De acordo com a esposa, Beatriz Ximenes, Carlos foi diagnosticado no ano passado com câncer de próstata e precisou passar por cirurgia. Três dias após receber alta hospitalar, ele sofreu um infarto e teve de ser novamente internado, sendo submetido a cateterismo e angioplastia. Pouco tempo depois de retornar para casa, sofreu um segundo infarto, o que agravou ainda mais seu estado de saúde.
Diante da incapacidade para o trabalho, a família solicitou o benefício por incapacidade temporária ao INSS. Embora a perícia médica tenha sido realizada, o pedido foi negado no dia 22 de dezembro, deixando o casal e os filhos sem nenhuma fonte de renda. “Entrei com recurso e consegui remarcar outra perícia, mas apenas para o dia 2 de março.

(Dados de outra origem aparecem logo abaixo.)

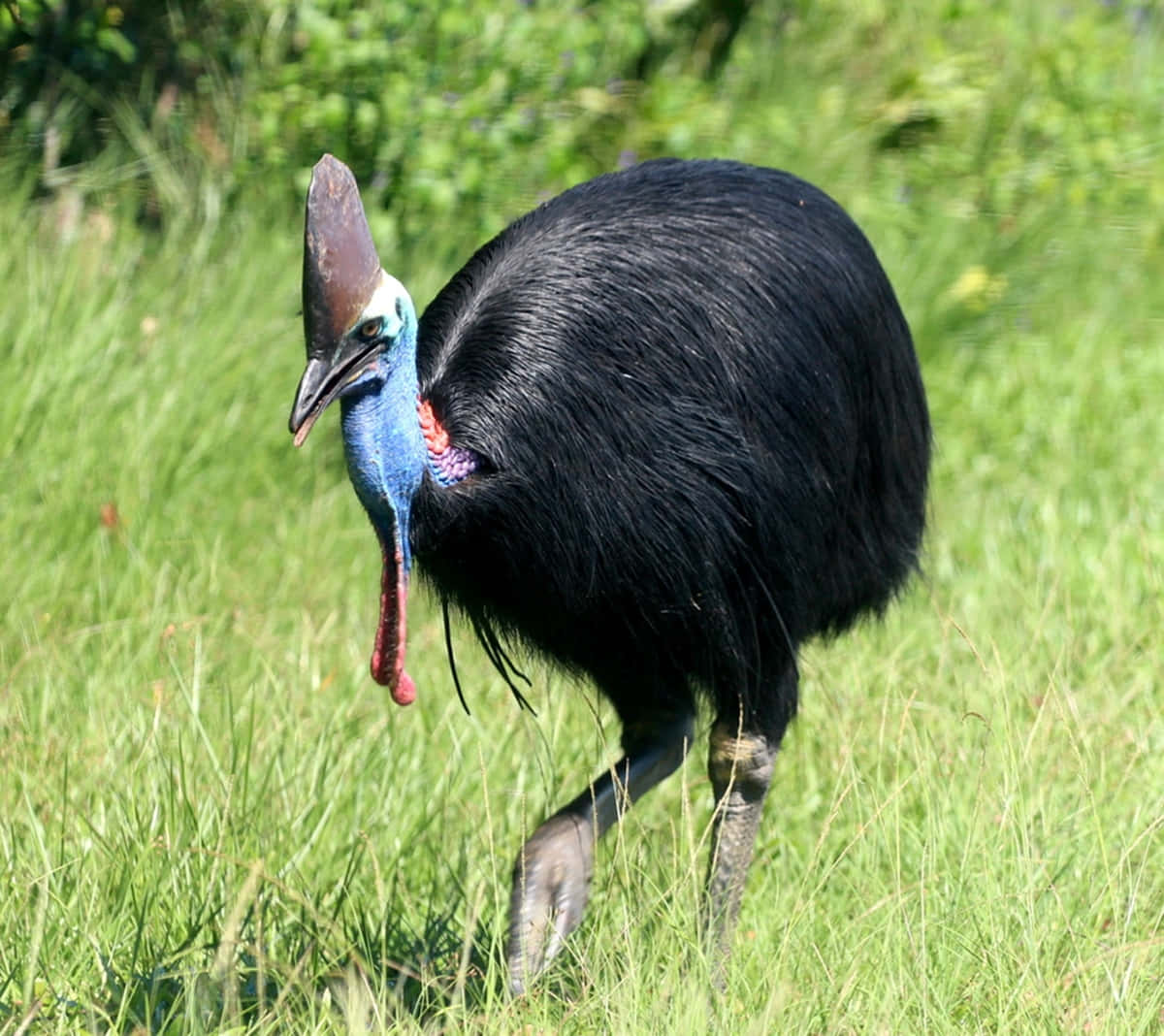 Cassowary, blue neck, red wattle, SD Desktop Wallpaper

Até lá, não recebemos nenhum tipo de auxílio”, afirma Beatriz.
Antes do agravamento do quadro de saúde, Carlos trabalhava como motorista carreteiro, permanecendo longos períodos fora de casa. Beatriz, que atuava em serviços gerais, precisou deixar o emprego para cuidar dos filhos, uma menina de 10 anos e um menino de 4, que só recentemente conseguiu vaga em uma creche. Com o afastamento do marido por orientação médica, a família passou a sobreviver com a ajuda de parentes e amigos.
Além da falta de renda, os custos com medicamentos pesam no orçamento. Segundo Beatriz, cada caixa chega a custar cerca de R$ 600, valor considerado inviável para a realidade atual da família. Enquanto aguarda a nova perícia e uma possível liberação do benefício, Beatriz segue promovendo ações solidárias para garantir a continuidade do tratamento do marido e o sustento da casa.